Inactive time (for marinating): 2 up to 12 hours.
Place your cubed chicken in a shallow baking dish. In a small bowl, whisk together the garlic, ginger, Greek yogurt, coconut milk, salt and pepper. Pour the marinade on top of the chicken, making sure the chicken is evenly coated. Cover and refrigerate for at least 2 hours or up to 12 hours.
Heat a saute pan over medium heat and drizzle in about a tablespoon of olive oil. Add the chicken with the marinade (do this in batches if it seems overcrowded) into the pan. Cook for about 8-10 minutes or until just cooked through. Remove from heat and set aside.

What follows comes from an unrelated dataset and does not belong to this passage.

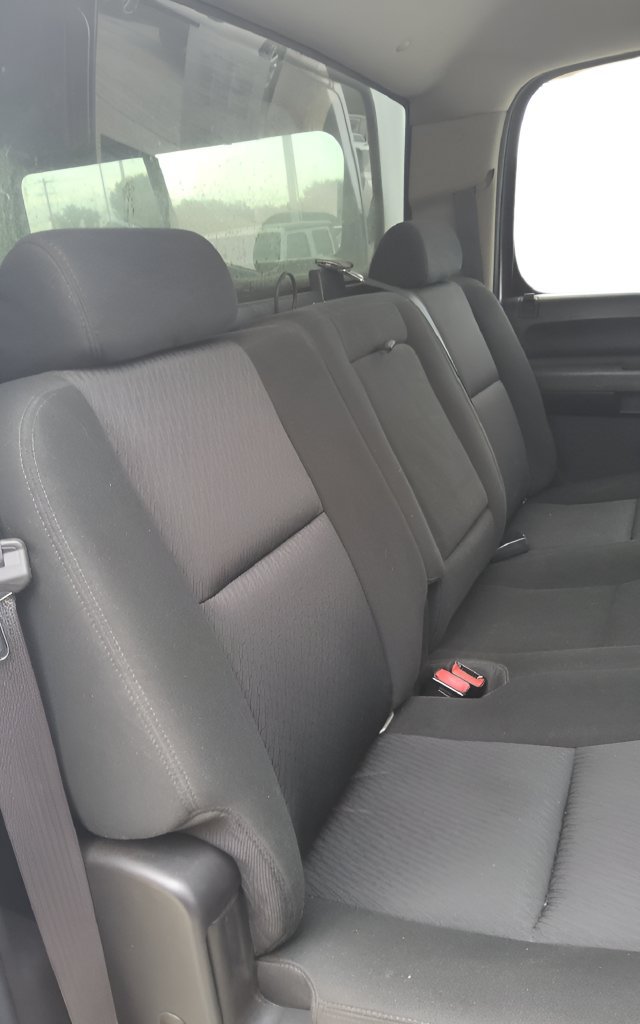 Used 2010 Chevrolet Silverado 2500 LT w/ Interior Plus Package AWD/4WD image 26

For the sauce, melt 1/4 cup of the unsalted butter in a deep skillet over medium heat. Add the Fresno, serrano, and jalapeño peppers and cook until just tender. Add the garlic and ginger, and cook for another 2 minutes. At this point add the tomato paste, curry powder, garam masala and paprika. Stir with a a heavy wooden spoon so that all of the ingredient combine. Once the tomato paste has reached a deep red color, about 5-6 minutes, add the canned tomatoes, Roma tomatoes, salt and chicken broth. Bring the sauce to a boil and then lower the heat to a simmer. Simmer for 30-40 minutes until it is slightly reduced and thickened.
Once your sauce has thickened, very gently and slowly add some of it into a blender (don’t fill the blender too full—do it in batches if needed). Pulse until smooth and creamy. Transfer the sauce back to the pan and again bring it back up to a boil. Add the chicken and bamboo shoots and lower the heat to a simmer. Simmer again for about 15 minutes.
Add the remaining 1/4 cup butter and the heavy cream. Stir to melt the butter and heat the heavy cream. Cook for another 10 minutes.
Remove from heat and garnish with fresh cilantro. Serve with basmati rice and/or Naan.